St. George was founded as part of the cotton mission in 1861 under the direction of Latter Day Saint apostle Erastus Snow. At the outbreak of the American Civil War, Brigham Young accelerated the colonization effort:
Fearing that the war would take away the cotton supply, he began plans for raising enough in this southwestern country to supply the needs of his people.
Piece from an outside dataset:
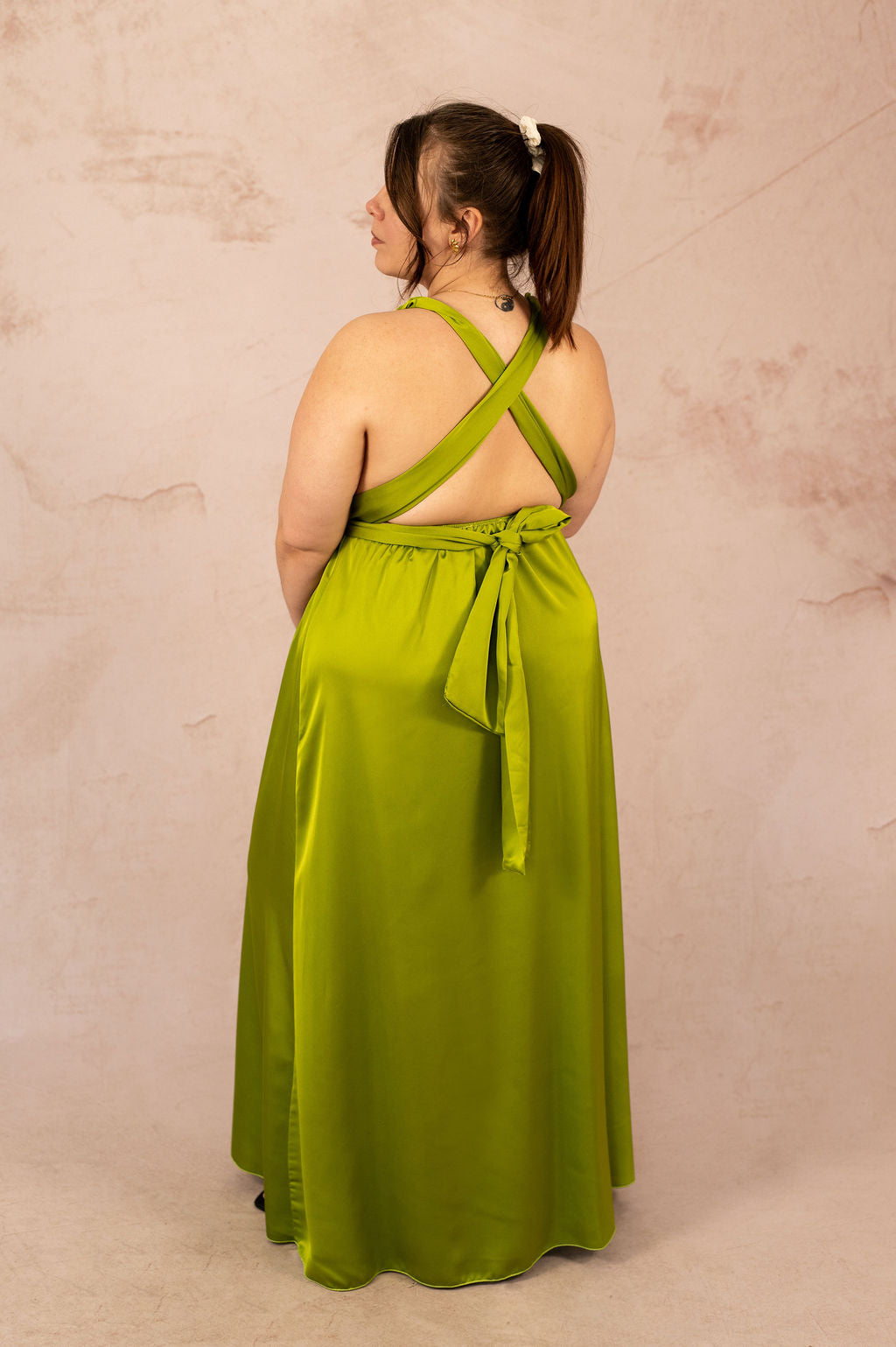 dos de la robe longue satinée multiposition grande taille modèle Ysra en vert anis, portée par mannequin plus size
Enough favorable reports had come to him from this warm region below the rim of the Great Basin, that he was convinced cotton could be raised successfully here. At the general church conference in Salt Lake City on October 6th, 1861, about 300 families were "called" to the Dixie mission to promote the cotton industry. Most of the people knew nothing of this expedition until their names were read from the pulpit; but in nearly every case, they responded with good will, and made ready to leave within the month's time allotted to them. The families were selected so as to ensure the communities the right number of farmers, masons, blacksmiths, businessmen, educators, carpenters, as needed.

The settlement was named after George A. Smith, an LDS Church apostle.

In April 1877, the LDS Church completed the St. George Utah Temple. It was the church's third temple and is the oldest still in active use.

The 1992 St. George earthquake destroyed three houses, as well as above- and below-ground utilities, causing about in damage.

St. George was the location of the 1997 United States Academic Decathlon national finals.

In January 2005, a 100-year flood occurred throughout the region, due to prolonged heavy rainfall overflowing both the Virgin River and Santa Clara River. One person was killed and 28 homes were destroyed by the Santa Clara River.

===Nuclear contamination===
In the early 1950s, St. George received the brunt of the fallout of above-ground nuclear testing at the Yucca Flats/Nevada Test Site northwest of Las Vegas. Winds routinely carried the fallout of these tests directly through St. George and southern Utah. Marked increases in the frequency of cancer in the population, including leukemia, lymphoma, thyroid cancer, breast cancer, melanoma, bone cancer, brain tumors, and gastrointestinal tract cancers, were reported from the mid-1950s until the early 1980s.

In 1980, People magazine reported that from about 220 cast and crew who filmed in a 1956 movie, The Conqueror, on location near St. George, 91 had come down with cancer, and 50 had died from it. Of these, 46 had died of cancer by 1980. Among the cancer deaths were John Wayne, Pedro Armendáriz, and Susan Hayward, the film's stars. But the lifetime odds of developing cancer for men in the U.S. population are 43% and the odds of dying of cancer are 23% (38 and 19%, respectively, for men and women). This places the cancer mortality rate for the 220 primary cast and crew quite near the expected average.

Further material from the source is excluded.